> Records to use
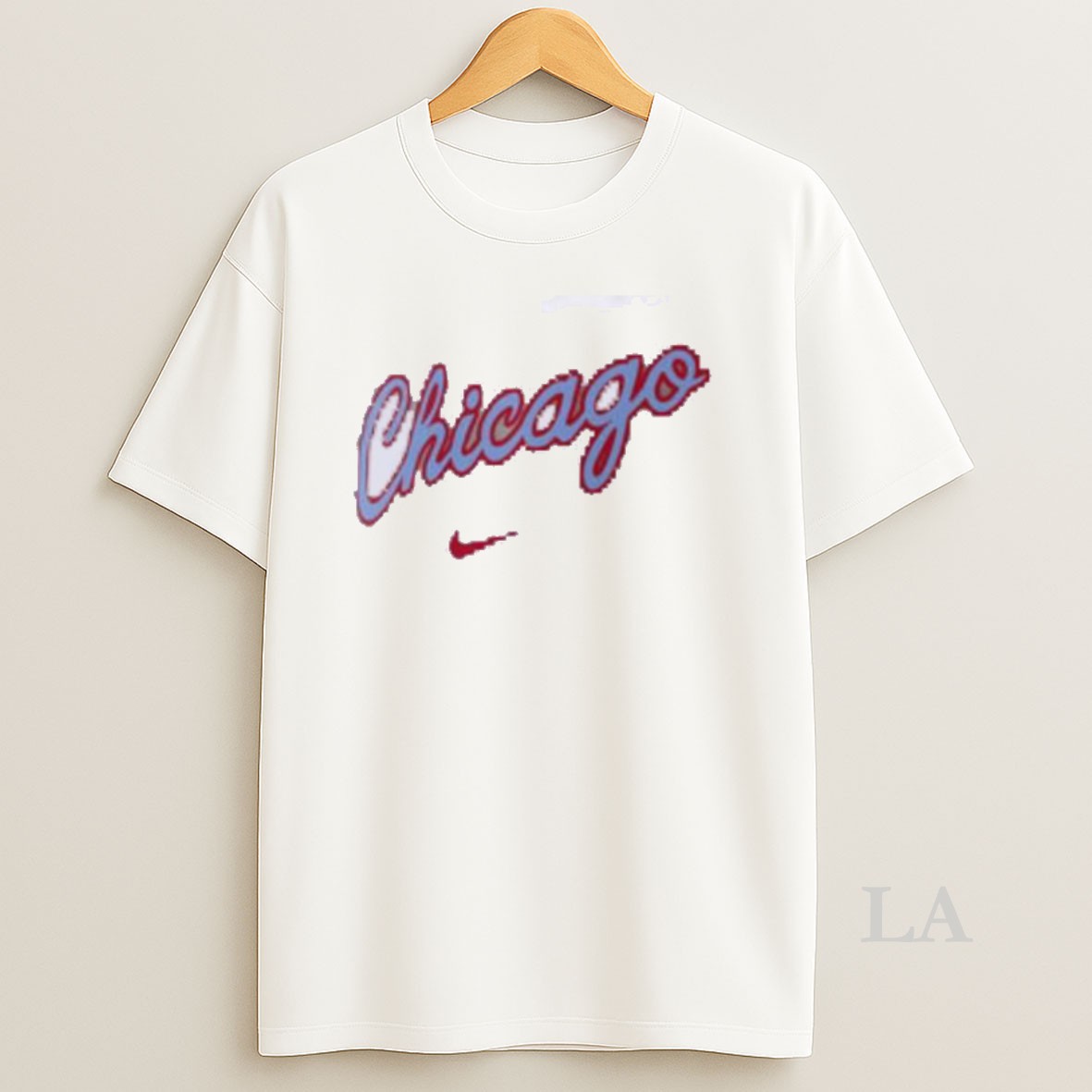 Original Chicago Bulls Nike 2025 2026 Nba City Edition Logo Shirt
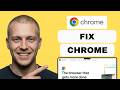 How To Fix Google Chrome Not Opening On Windows (full guide 2026)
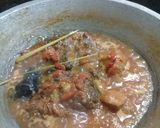 Foto langkah ke 3 dari resep Ikan nila masak tomat😋😋.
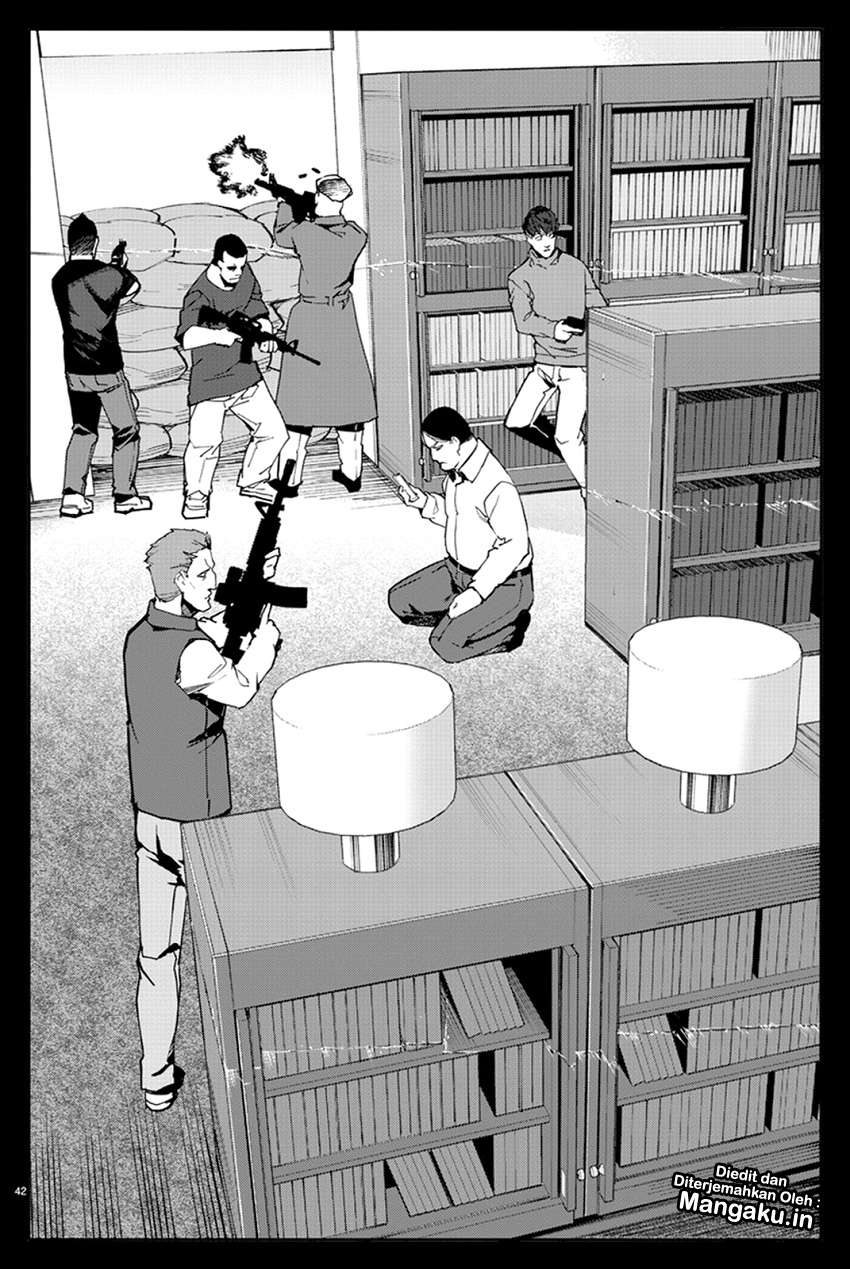 Chapter 70 - halaman 44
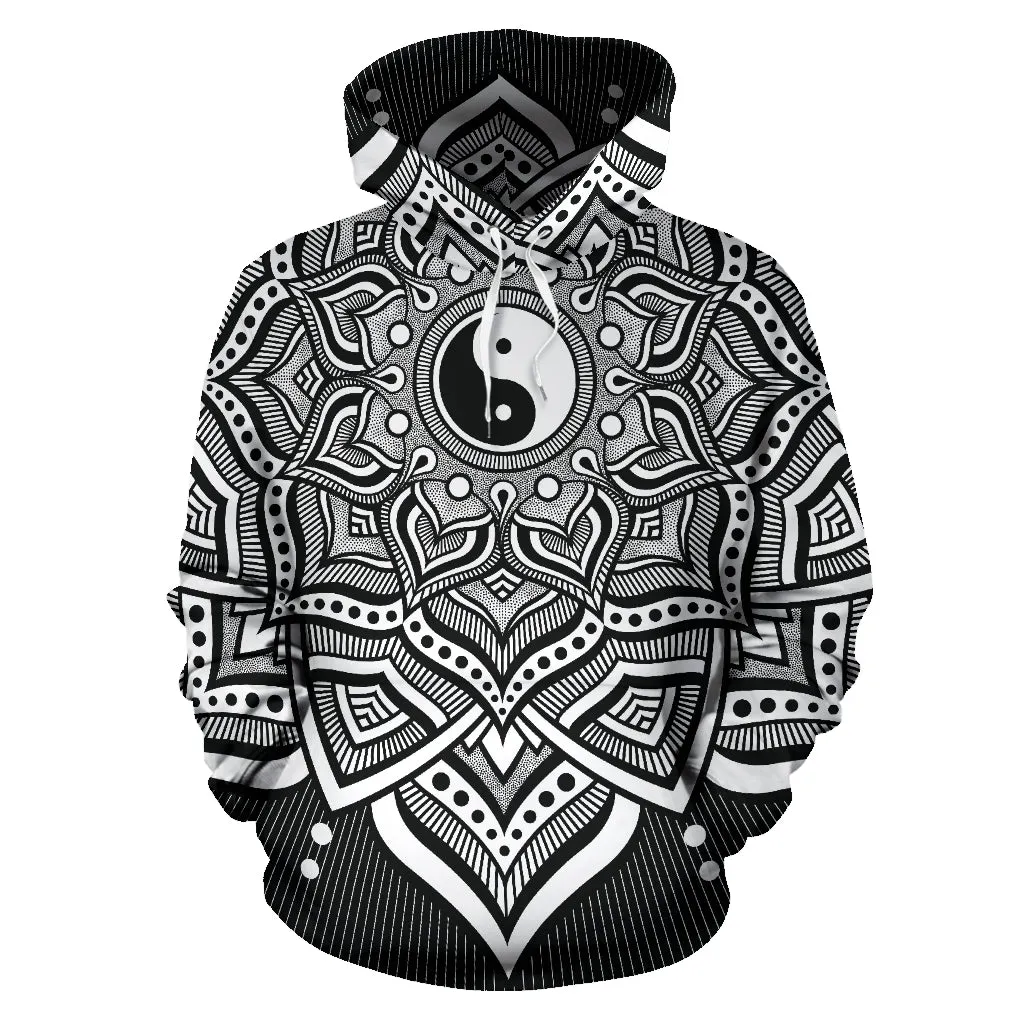 Yin Yang | Hoodie | Brock Springstead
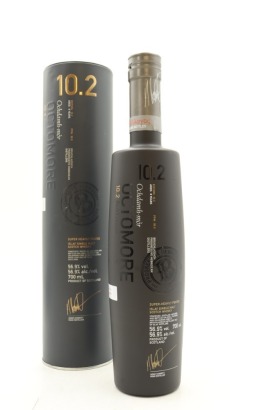 (1) Bruichladdich Octomore Edition 10.2 Aged 8 Years Single Malt Scotch Whisky, 56.9% ABV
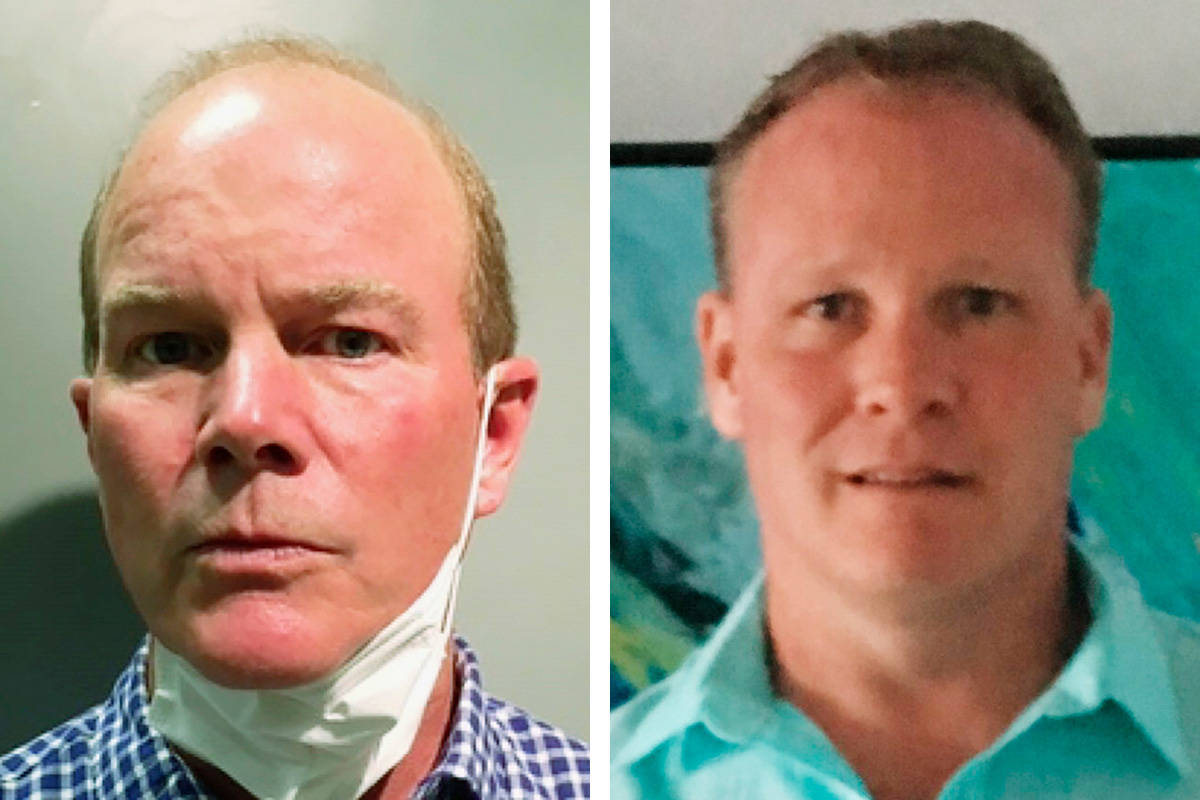 FILE--The Montgomery County Police on Friday, June 5, 2020, arrested and charged Anthony Brenna ...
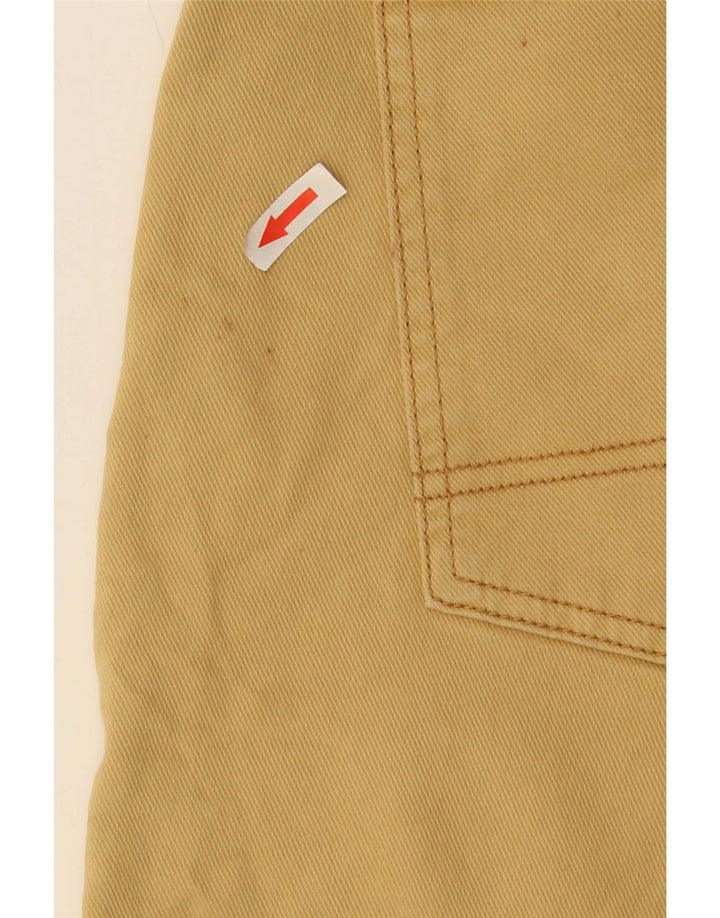 Fat Face Herre Bermuda Shorts W36 Stor Beige Bomuld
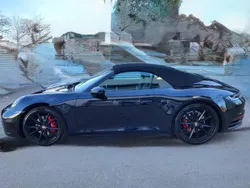 Schwarz Gebraucht 2023 Porsche 911 Carrera Cabriolet Cabrio | 127.900 € (Guter Preis)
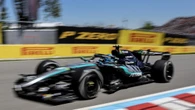 Gp Canada: Russell in pole nella gara sprint, Antonelli secondo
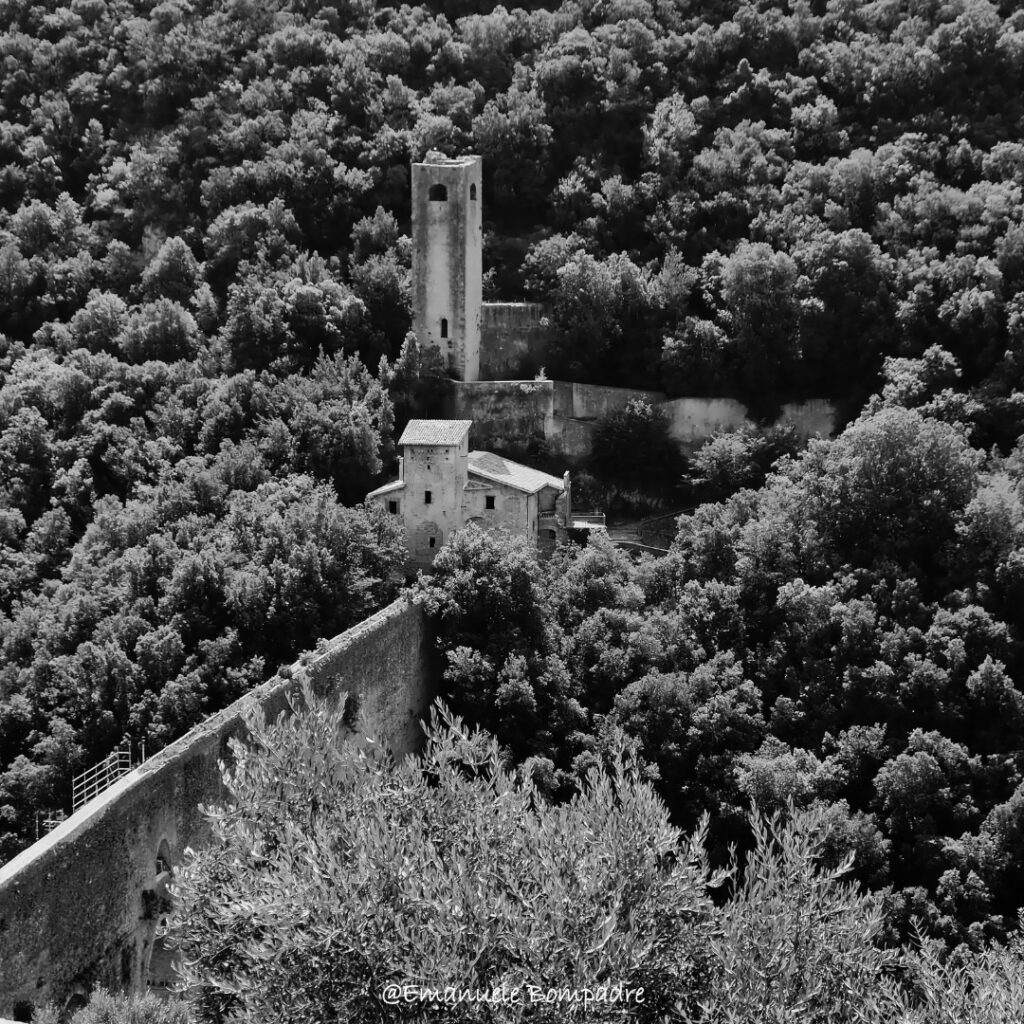 Il fortilizio dei Mulini, viaggiamo tra la storia di Spoleto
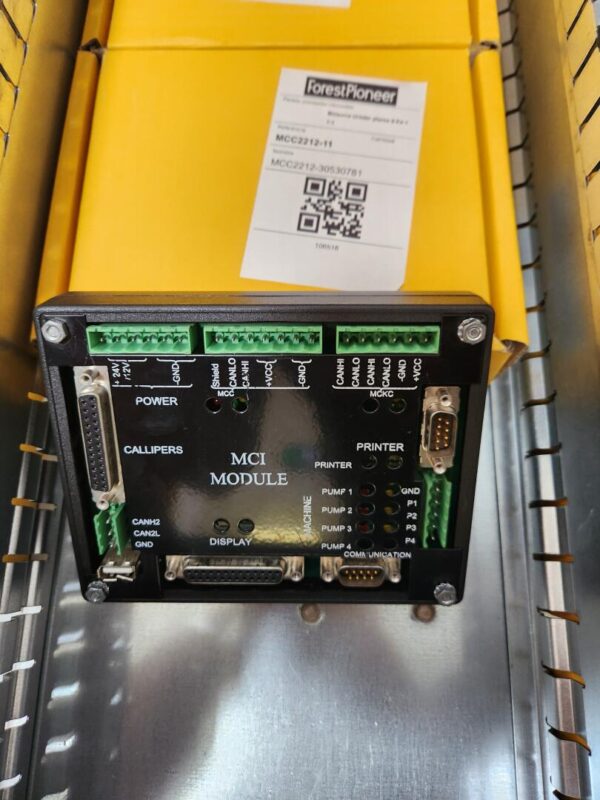 Modulo MCI-IT01 SN12668018 para motomit IT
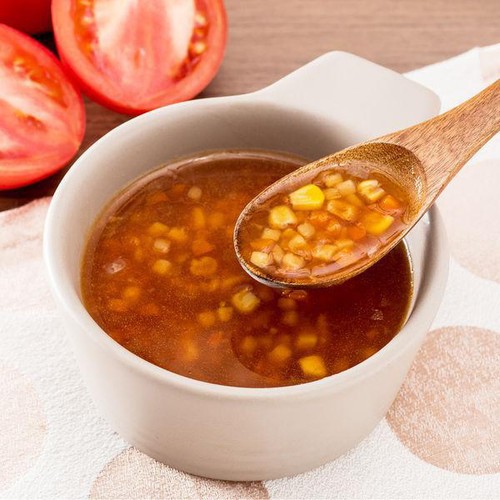 アルファー食品 からだを想う野菜スープ ミネストローネ 1人前 190g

> What you should do
Each line above is to be transcribed exactly, though its pictures are not.

> Answer section
 Original Chicago Bulls Nike 2025 2026 Nba City Edition Logo Shirt
 How To Fix Google Chrome Not Opening On Windows (full guide 2026)
 Foto langkah ke 3 dari resep Ikan nila masak tomat😋😋.
 Chapter 70 - halaman 44
 Yin Yang | Hoodie | Brock Springstead
 (1) Bruichladdich Octomore Edition 10.2 Aged 8 Years Single Malt Scotch Whisky, 56.9% ABV
 FILE--The Montgomery County Police on Friday, June 5, 2020, arrested and charged Anthony Brenna ...
 Fat Face Herre Bermuda Shorts W36 Stor Beige Bomuld
 Schwarz Gebraucht 2023 Porsche 911 Carrera Cabriolet Cabrio | 127.900 € (Guter Preis)
 Gp Canada: Russell in pole nella gara sprint, Antonelli secondo
 Il fortilizio dei Mulini, viaggiamo tra la storia di Spoleto
 Modulo MCI-IT01 SN12668018 para motomit IT
 アルファー食品 からだを想う野菜スープ ミネストローネ 1人前 190g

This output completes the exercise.